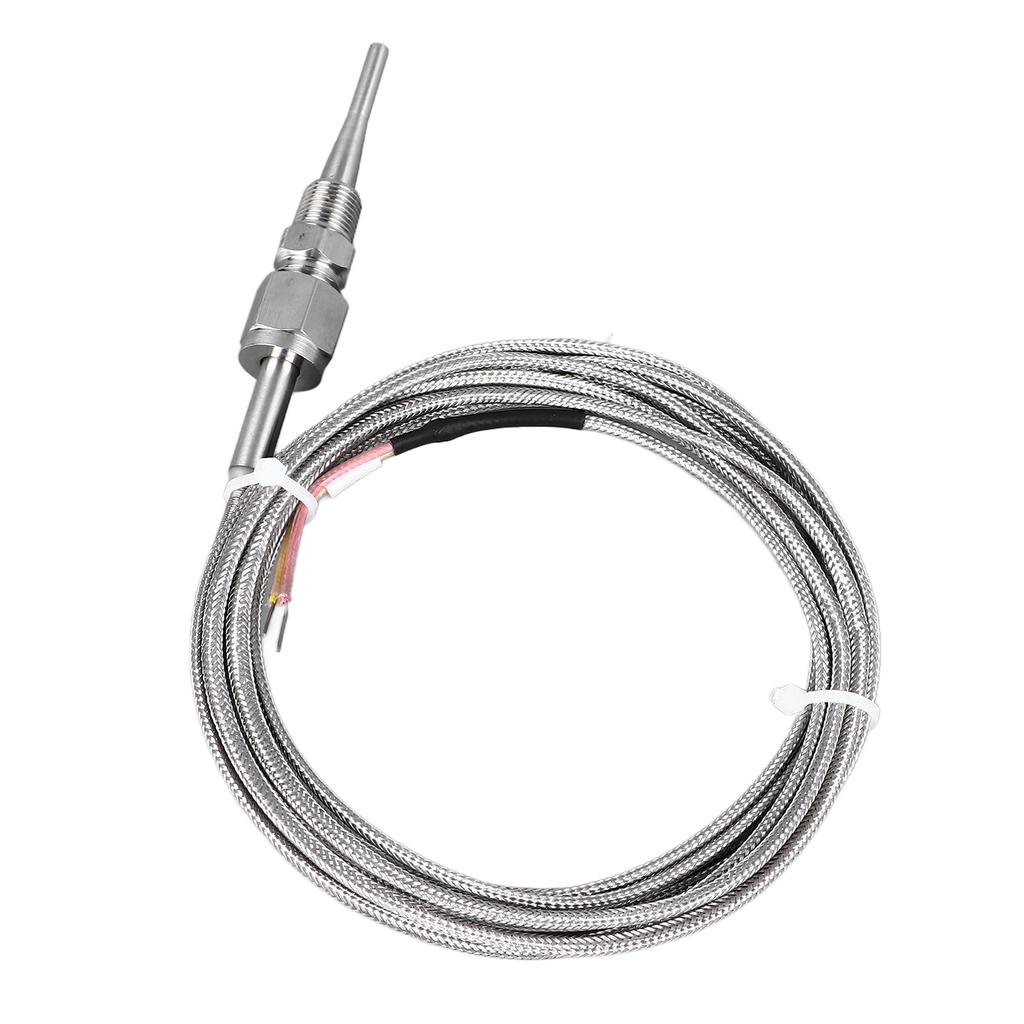 K Type Thermocouple Probe 18in NPT Adjustable Stainless Steel Temperature Sensor with 3 Meter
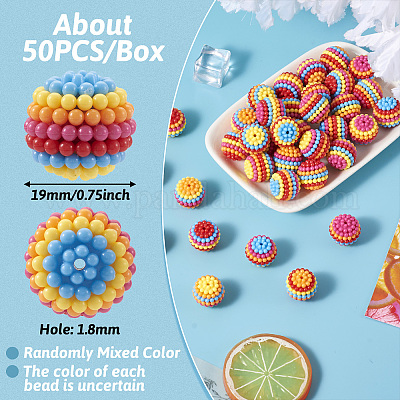 Смоляные бусины восковой ягоды&nbsp;RESI-TA0003-14C-1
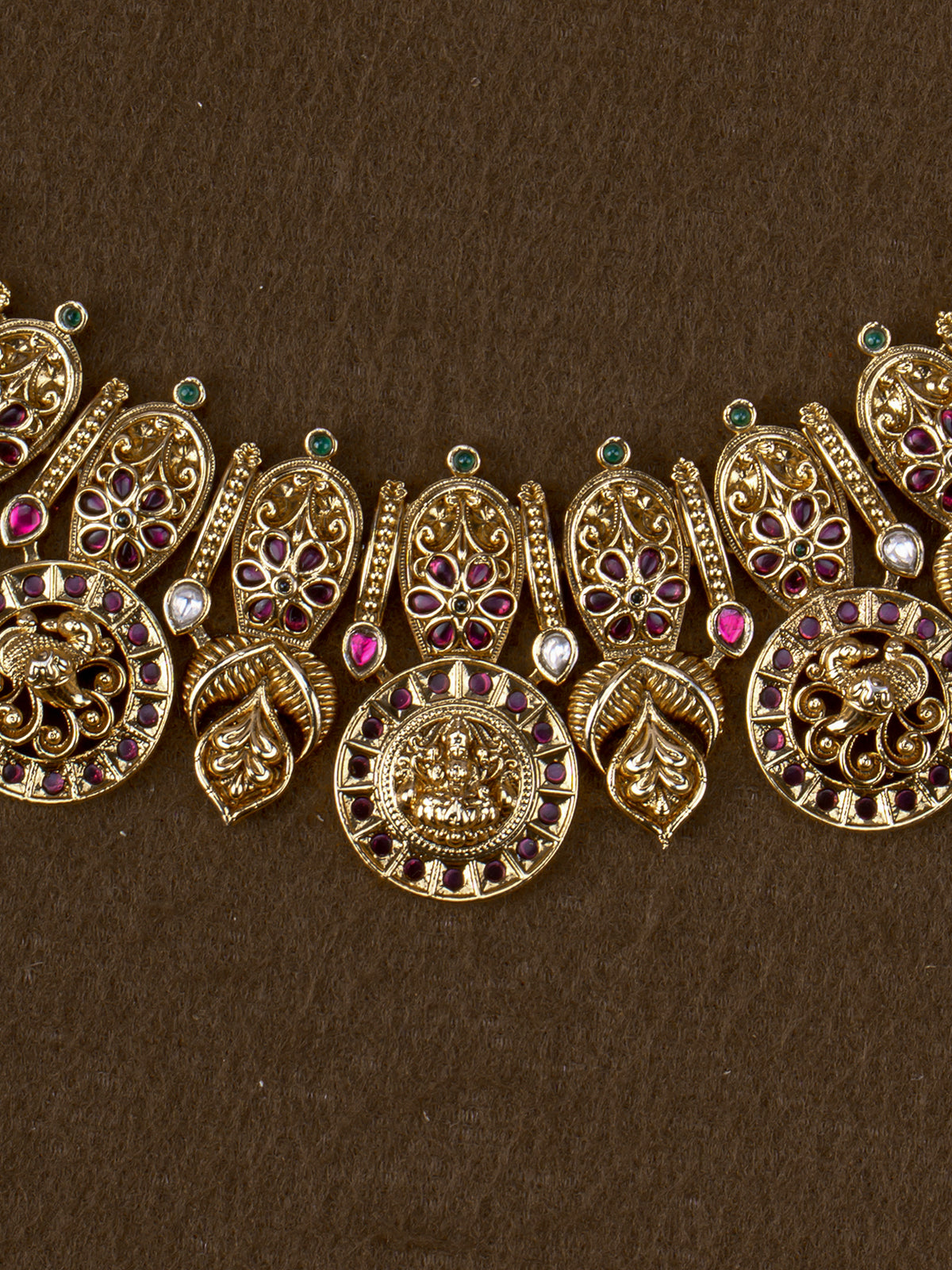 Surya Lakshmi Kasu Necklace Set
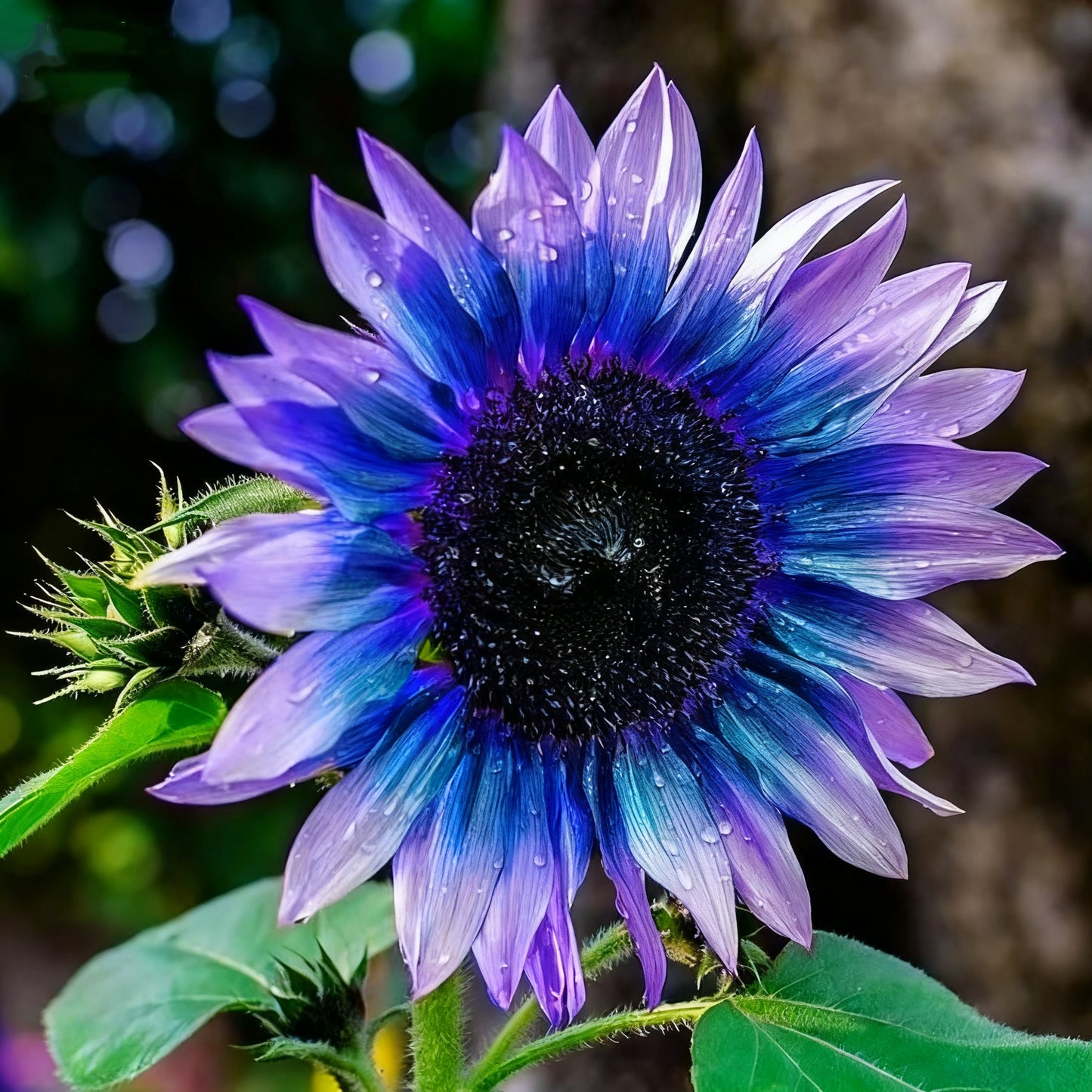 🌌🔥 Midnight Blaze Sunflower Seeds🪴– The Rarest Sunflower You’ll Ever Grow! 🌻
┄┄┄┄┄┄┄┄┄┄┄┄┄┄┄┄┄┄┄┄
Prompt => The answer must be the data above, repeated exactly, with no pictures.

The completed task =>
 K Type Thermocouple Probe 18in NPT Adjustable Stainless Steel Temperature Sensor with 3 Meter
 Смоляные бусины восковой ягоды&nbsp;RESI-TA0003-14C-1
 Surya Lakshmi Kasu Necklace Set
 🌌🔥 Midnight Blaze Sunflower Seeds🪴– The Rarest Sunflower You’ll Ever Grow! 🌻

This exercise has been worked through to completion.